Arrow Research search

Author name cluster

Changyi He

Possible papers associated with this exact author name in Arrow. This page groups case-insensitive exact name matches and is not a full identity disambiguation profile.

2 papers
2 author rows

Possible papers

2

ICML Conference 2025 Conference Paper

DA-KD: Difficulty-Aware Knowledge Distillation for Efficient Large Language Models

  • Changyi He
  • Yifu Ding
  • Jinyang Guo
  • Ruihao Gong
  • Haotong Qin
  • Xianglong Liu 0001

Although knowledge distillation (KD) is an effective approach to improve the performance of a smaller LLM (i. e. , the student model) by transferring knowledge from a large LLM (i. e. , the teacher model), it still suffers from high training cost. Existing LLM distillation methods ignore the difficulty difference among different samples, making the distillation of easy samples unnecessary. This leads to high distillation cost. In this paper, we propose difficulty-aware knowledge distillation (DA-KD) framework for efficient knowledge distillation, in which we dynamically adjust the distillation dataset based on the difficulty of samples. We further observe existing KD loss cannot perform well when most of samples are difficult in the distillation dataset because of unstable optimization and the neglect of hard samples. Therefore, we also propose a new KD loss called bidirectional discrepancy loss (BDL) for effective KD. Extensive experiments demonstrate that our DA-KD framework is effective and efficient. Without bells and whistles, DA-KD can outperform existing state-of-the-art KD methods by 2% with half training cost and even surpass the teacher model with 4. 7$\times$ compression.

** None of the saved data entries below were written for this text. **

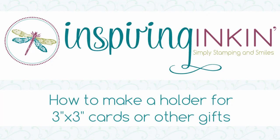Hi, thanks for joining me. I'm Amanda of InspiringInking.com. Welcome to my craft room. In today's video we're going to be making this cute little bag. It's designed to hold three inch square cards but it's a really useful size for all different sorts of gifting. So let's get started, shall we?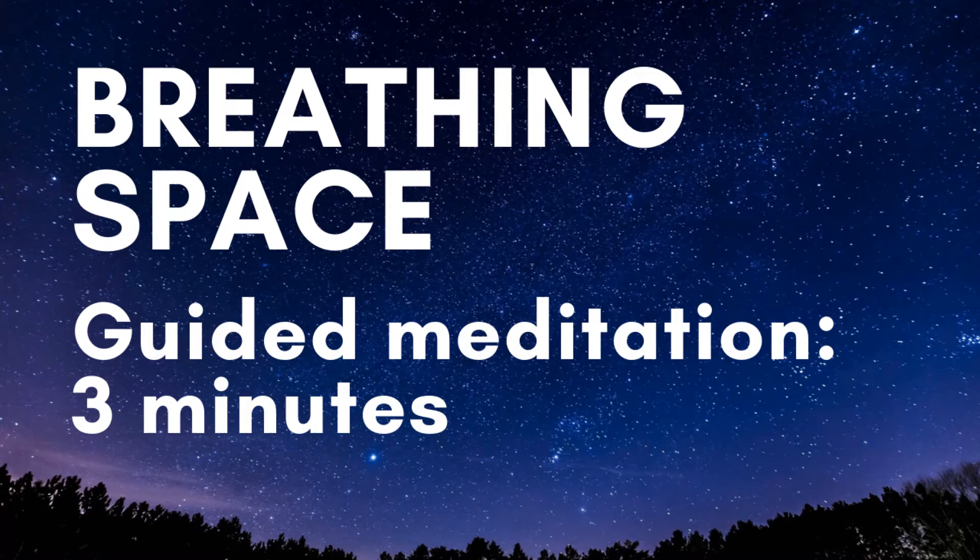In the second stage we become aware of any tension in our body, any tightness, especially in the belly and the shoulders. We'll take a few deeper breaths into this area of tension, helping it to soften and relax.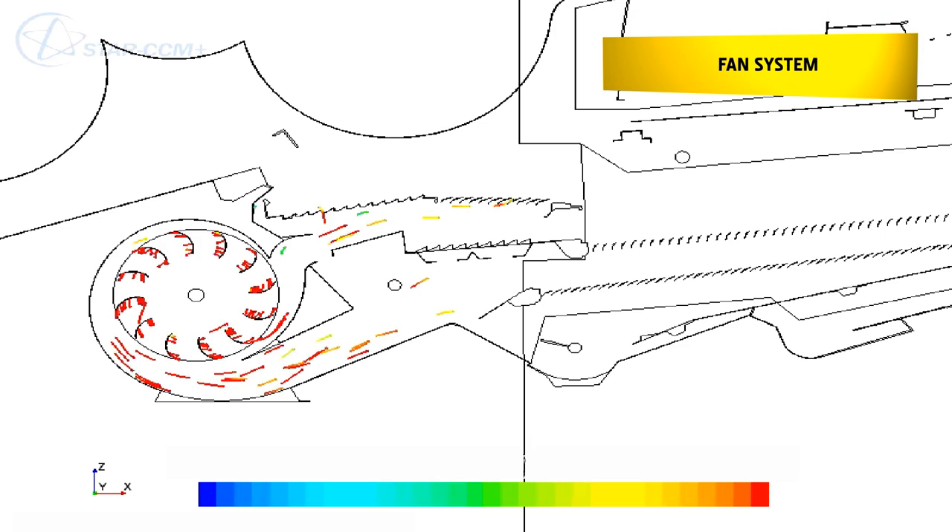A completely new fan system provides 57% more airflow, which is balanced over the entire sieve area.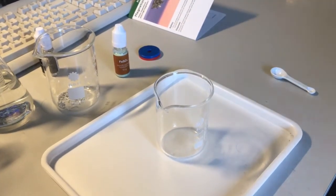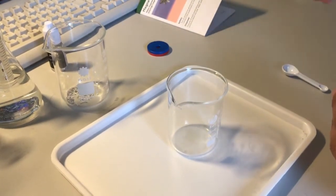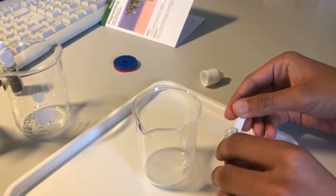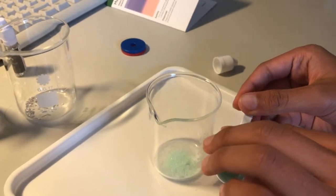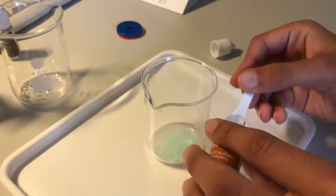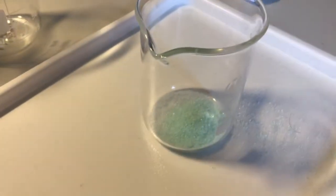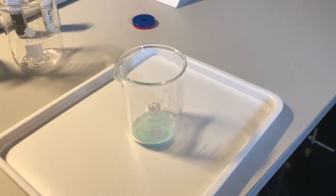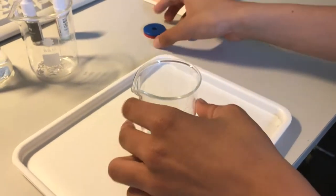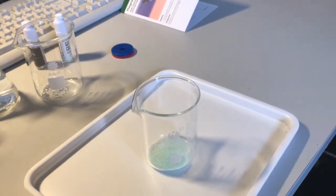We now place three spoonfuls of iron sulphate into a separate beaker. We then place the beaker on top of the magnet to see if the iron sulphate is magnetic. Again, the magnet doesn't appear to have any reaction on the iron sulphates.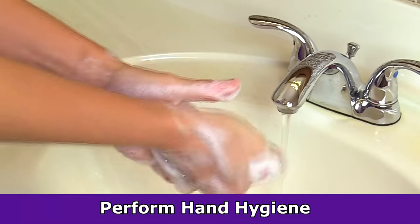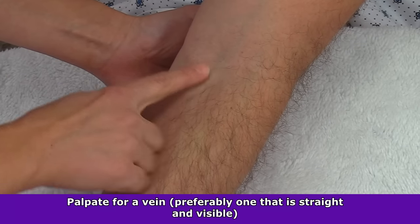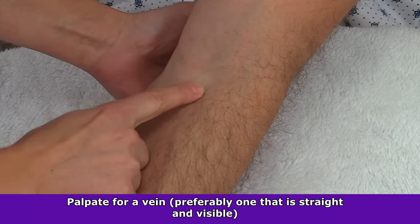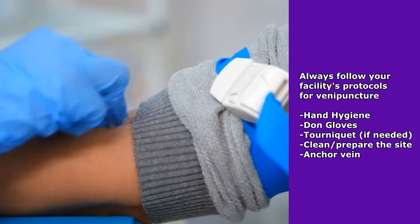However, you always want to anchor every vein before you stick it. Before anchoring, always perform hand hygiene. Next, palpate for a vein to penetrate — ideally go for a straight vein that is easily visible. Properly prepare the site and follow your facility's protocols for anchoring veins.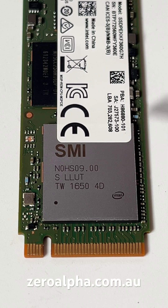The controller is an SMI — that is a Silicon Motion Incorporated controller, which is a popular third-party SSD controller company.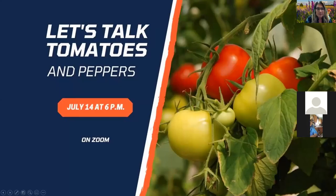Welcome everyone to our presentation on Let's Talk Tomatoes and Peppers. We'll have a few more joining us throughout the night. Our unit serves Illinois Extension for Vaughn, Clinton, Jefferson, Marion, and Washington counties. I'd like to introduce Kathy Kingsley, our Master Gardener, to introduce Ken tonight.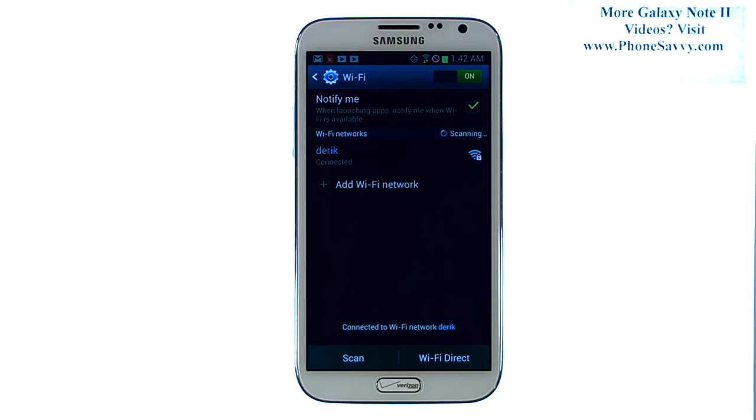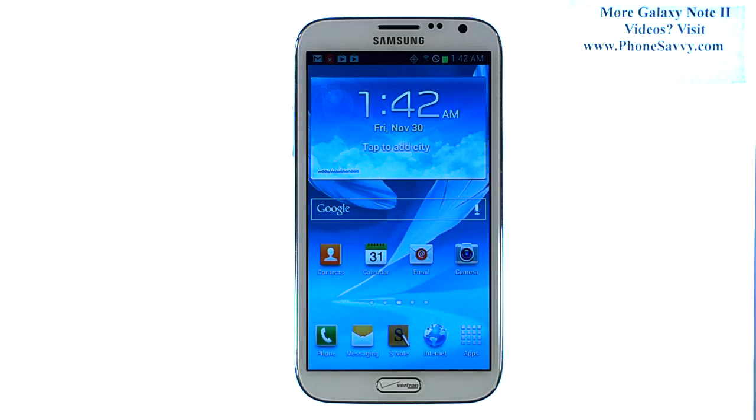Your phone will connect to that Wi-Fi hotspot and you can begin using that Internet source for all of your web-based applications. Visit Phonesavvy.com to learn more about the Galaxy Note 2.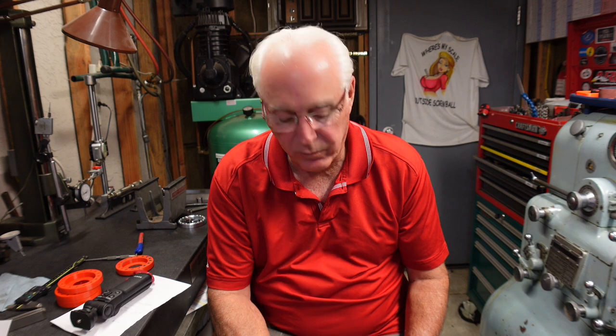Hello everybody, thanks for stopping by the channel. My name is Chuck and I appreciate your time. If you've been watching my channel over the years, you know I'm a home hobbyist, a tool nut, always trying to learn and really have a thing for tools and tooling.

NeurIPS Conference 2024 Conference Paper

LLMCBench: Benchmarking Large Language Model Compression for Efficient Deployment

  • Ge Yang
  • Changyi He
  • Jinyang Guo
  • Jianyu Wu
  • Yifu Ding
  • Aishan Liu
  • Haotong Qin
  • Pengliang Ji

Although large language models (LLMs) have demonstrated their strong intelligence ability, the high demand for computation and storage hinders their practical application. To this end, many model compression techniques are proposed to increase the efficiency of LLMs. However, current researches only validate their methods on limited models, datasets, metrics, etc, and still lack a comprehensive evaluation under more general scenarios. So it is still a question of which model compression approach we should use under a specific case. To mitigate this gap, we present the Large Language Model Compression Benchmark (LLMCBench), a rigorously designed benchmark with an in-depth analysis for LLM compression algorithms. We first analyze the actual model production requirements and carefully design evaluation tracks and metrics. Then, we conduct extensive experiments and comparison using multiple mainstream LLM compression approaches. Finally, we perform an in-depth analysis based on the evaluation and provide useful insight for LLM compression design. We hope our LLMCBench can contribute insightful suggestions for LLM compression algorithm design and serve as a foundation for future research.